The book is a curious mix of humor and philosophy, written in faux-scientific style and full of things which people working in Distributed Systems will be painfully aware of:
In complex systems, malfunction and even total non-function may not be detectable for long periods, if ever.
Any large system is going to be operating most of the time in failure mode.
Intermittent failure is the hardest case.
One does not know all the expected effects of known bugs.
In setting up a new system, tread softly.

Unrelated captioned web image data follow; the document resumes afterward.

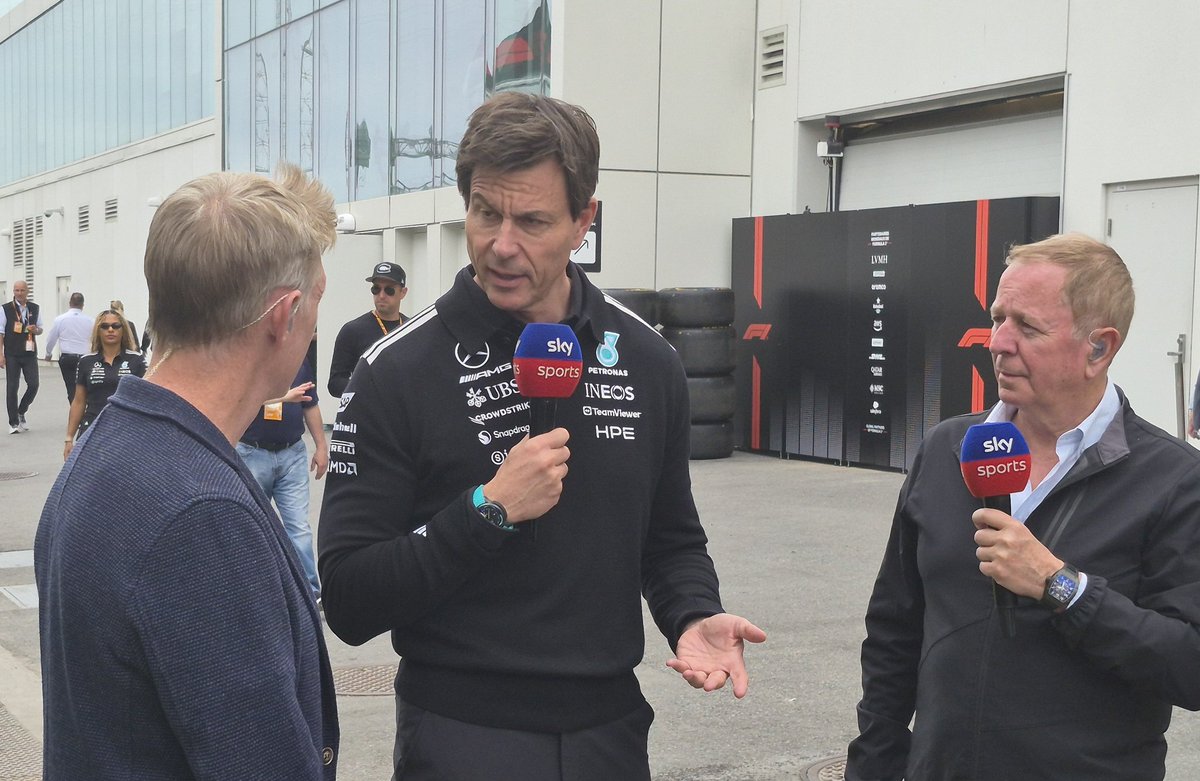 Toto looking surprisingly chilled after talking to his drivers about the sprint...: https://t.co/eKWZyUX9LV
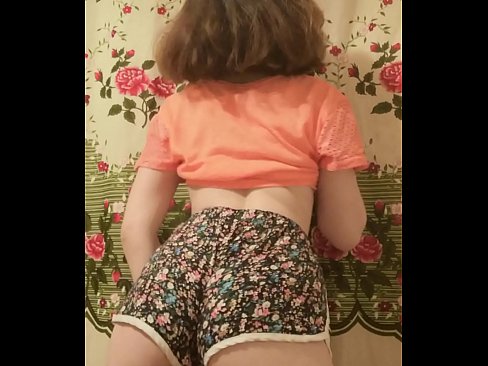❤️ Sexy matashin jariri yana cire guntun wando a kyamara ☑ Batsa na dubura ️❤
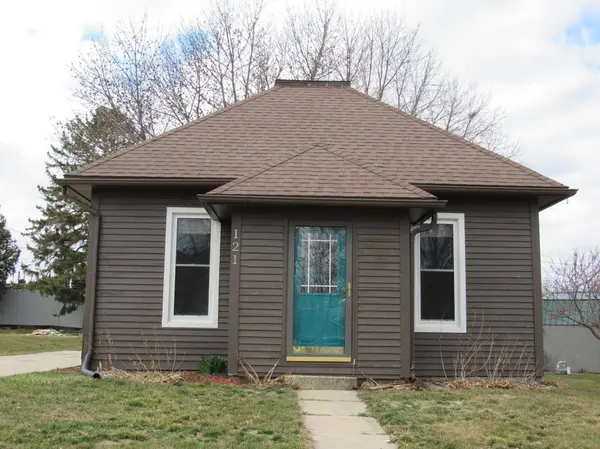 121 Main ST S, Wykoff, MN 55990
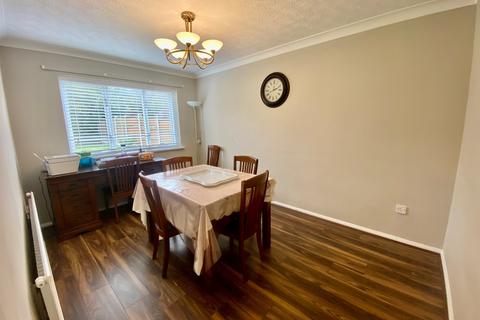 undefined, Birchtree Close, ALTRINCHAM, WA14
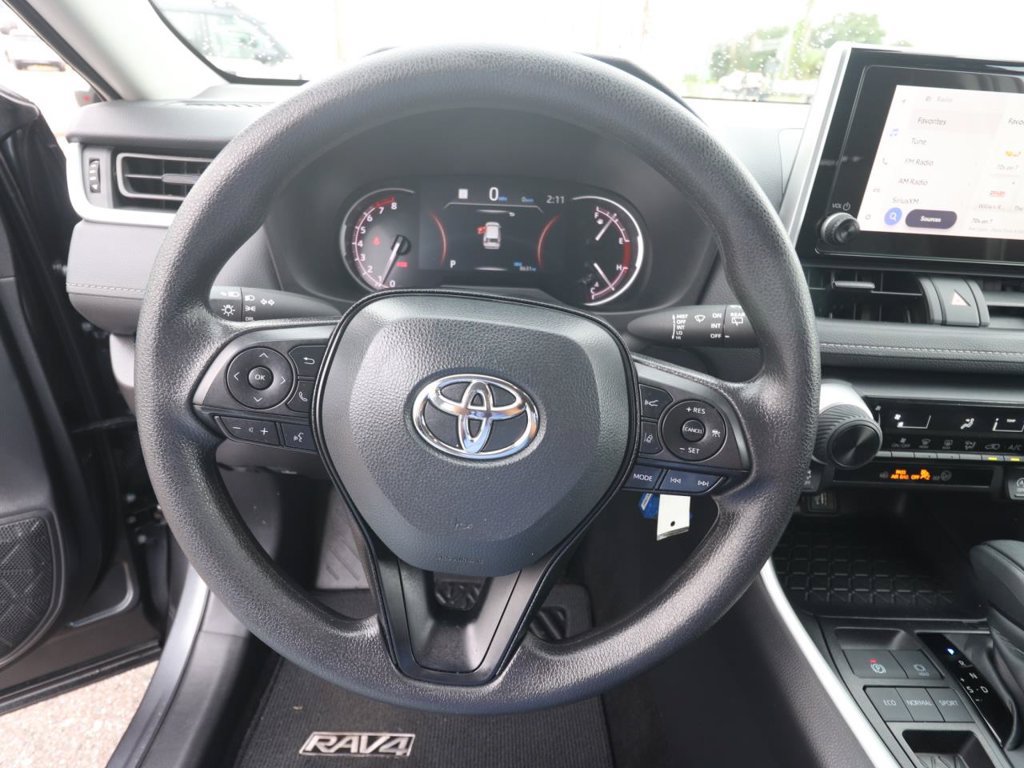 Used 2025 Toyota RAV4 LE FWD image 17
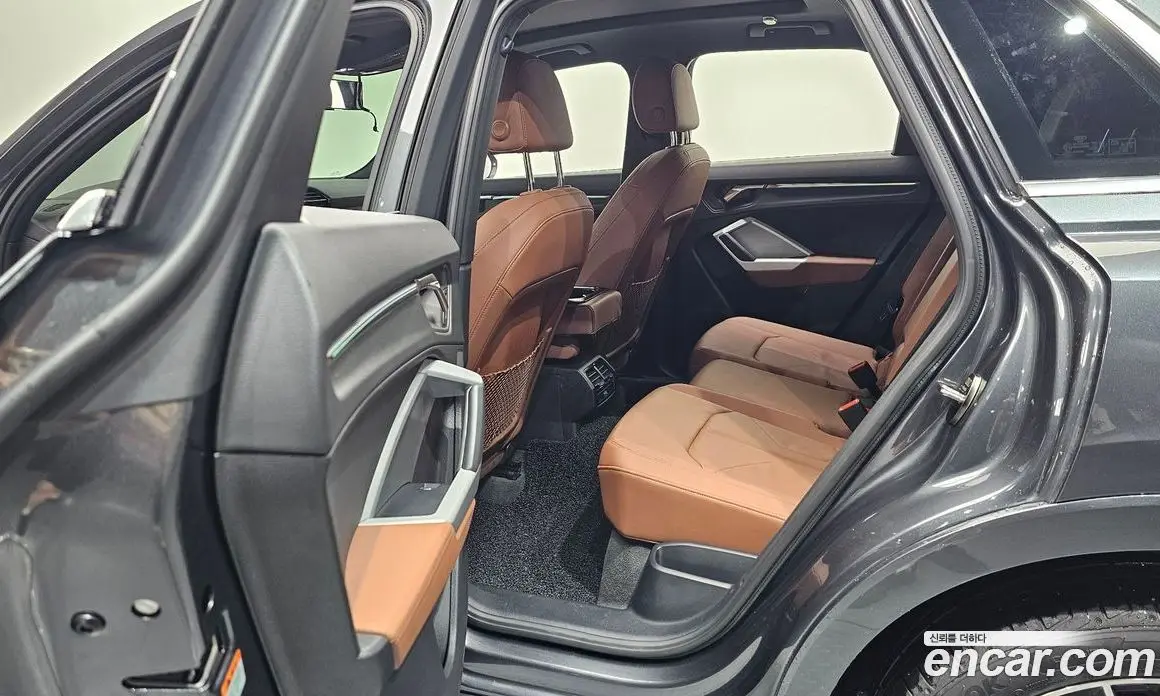 Audi Q3 2022 2.0 автомат (гидро), фото 17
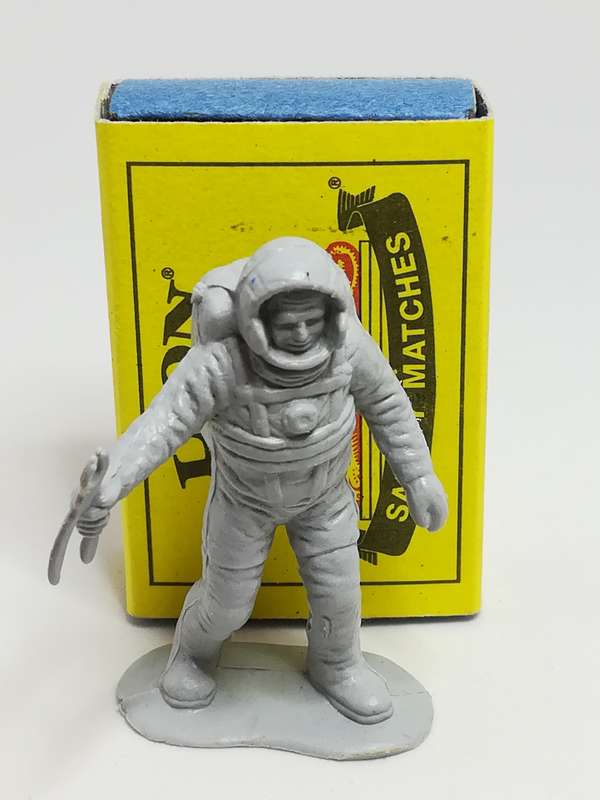 Miniature Grey Astronaut Holding Plier (Miniature, suitable for printer's tray)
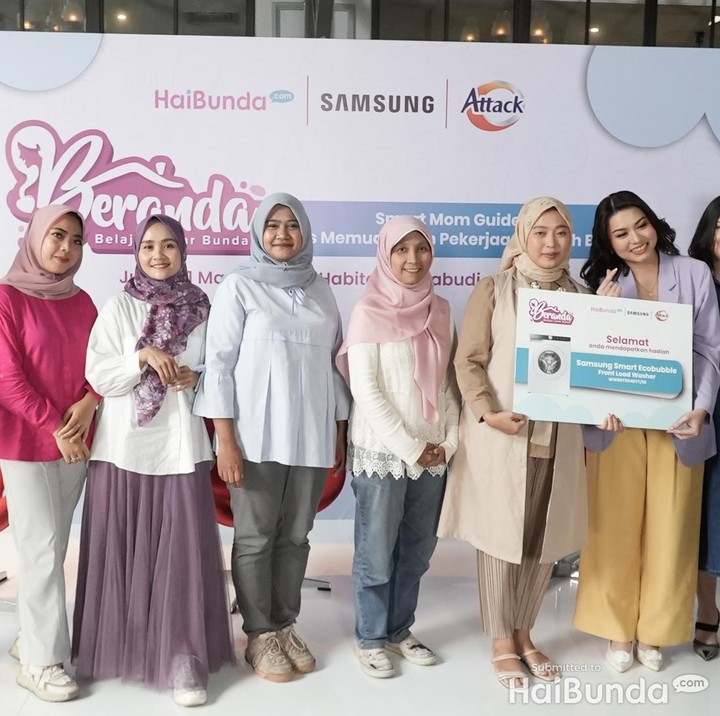 <p>Tidak hanya memberikan berbagai informasi, Beranda kali ini juga bertabur hadiah menarik. Bunda yang beruntung membawa pulang <em>e-wallet</em> sebesar Rp250 ribu. Tidak hanya itu, adapula Bunda yang membawa pulang sebuah Samsung Washing Machine. (Foto: Tim HaiBunda)</p>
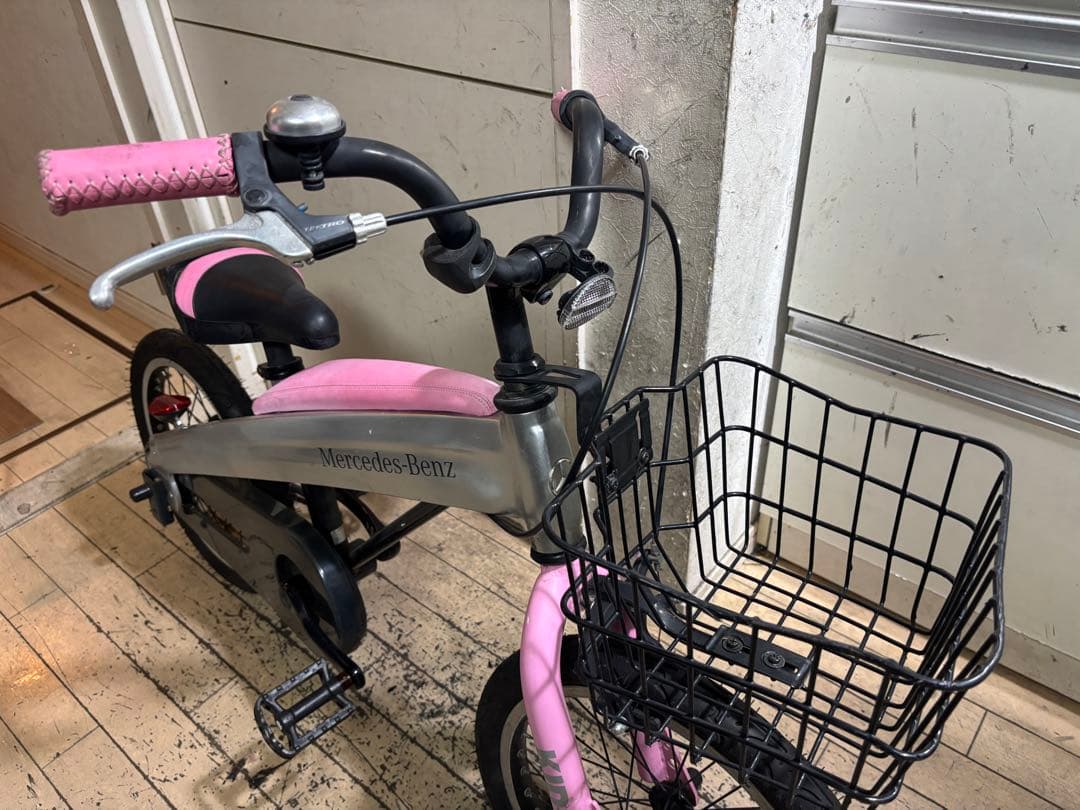 Mercedes-Benz メルセデスベンツ子供用自転車 シルバー/ピンク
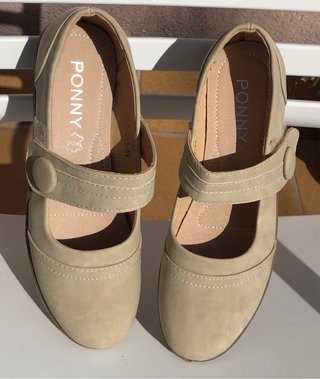 Zapatos de mujer beige con velcro
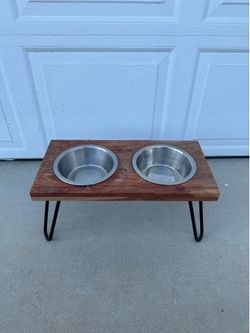 Pet food bowl set, with Hairpin legs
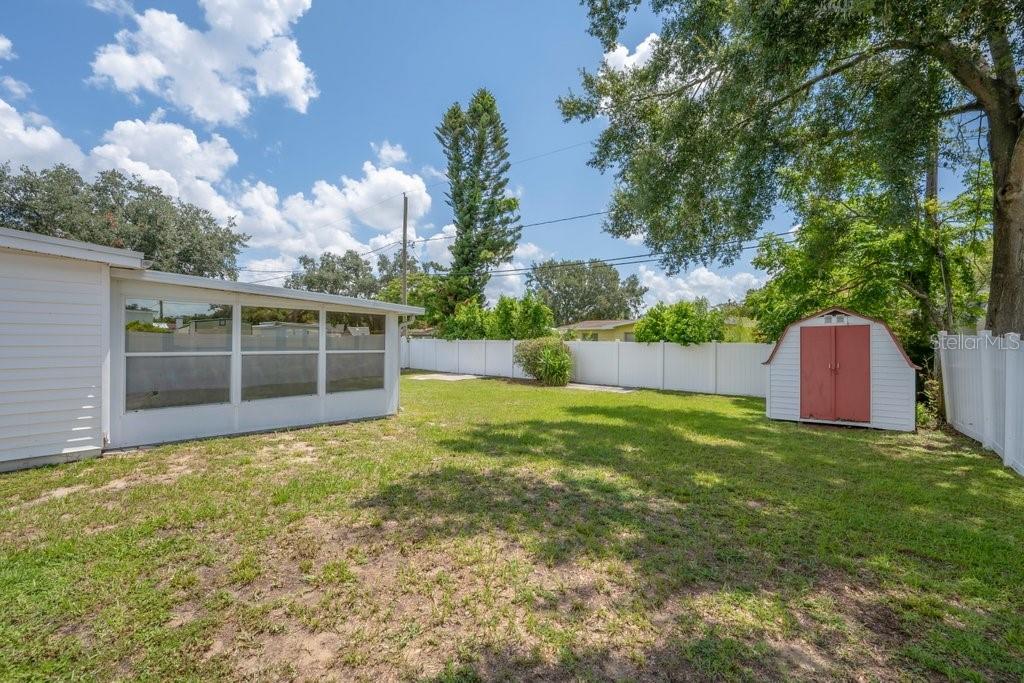 1105 N Parsons Ave Property Photo 2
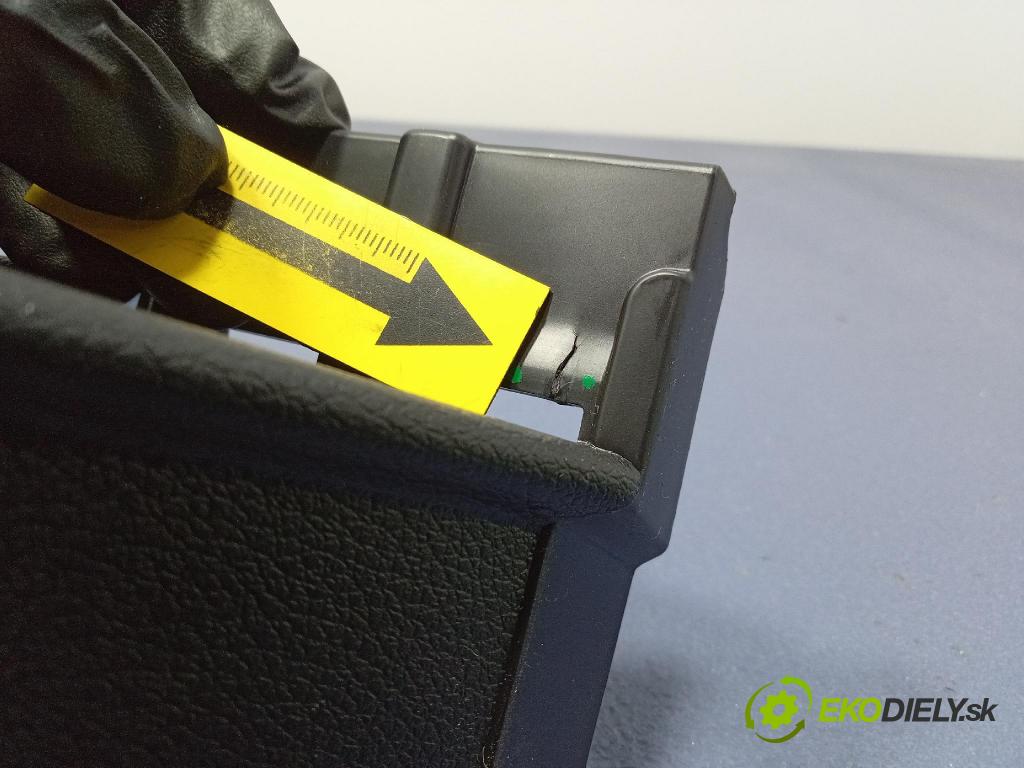 Kia Xceed 2025 kryt Plast: Interiéry: 85891J7700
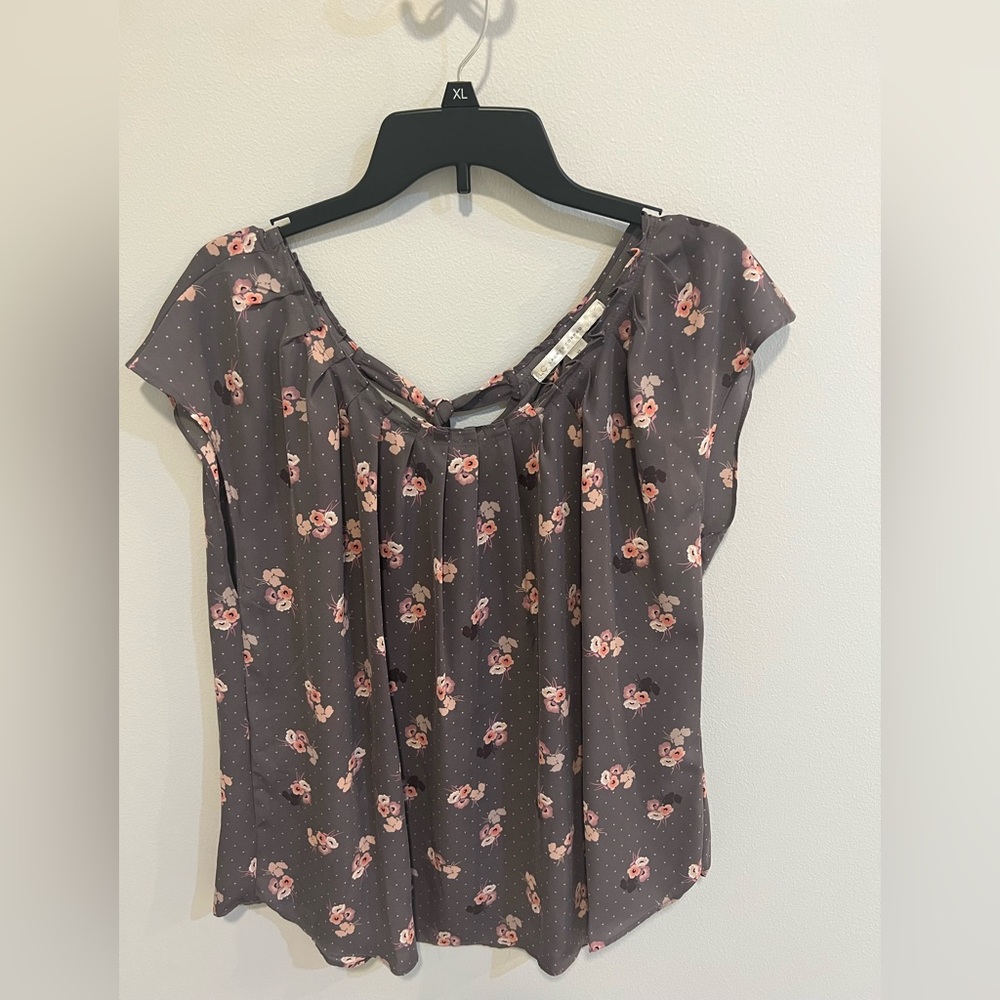 Rayon pink and gray shirt, for business/work wear or pain with jeans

You may be disturbing another system that is actually working.
Bad design can rarely be overcome by more design, whether good or bad.
A system that ignores feedback has already begun the process of terminal instability.
In dealing with large systems, the striving for perfection is a serious imperfection.
Remember: this book is originally not about computer systems. Not at all. But read it anyway!
I have read several [2] other [3] books [4] about [5] Lean Startup, but this is the one I would recommend now, especially if you already have some experience with startups.
It exposes the Customer Development model, composed of four steps: Customer Discovery, Customer Validation, Customer Creation and Company Building. The most interesting ones, in my opinion, are the first two, the ones that occur before Product / Market Fit.
Read this book if you want to understand what this Lean Startup thing is about, and offer it to your friends who want to start their own business.
This book is an answer to Michael Lewis' Flash Boys and a defence of High-Frequency Trading.
I have long thought that the financial world used HFT as a scapegoat (especially since I read Chris Stucchio's blog [6]). Flash Boys: Not So Fast follows the structure of Lewis' book; it provides a nice overview of what HFT is and why it may not be as evil as you think it is.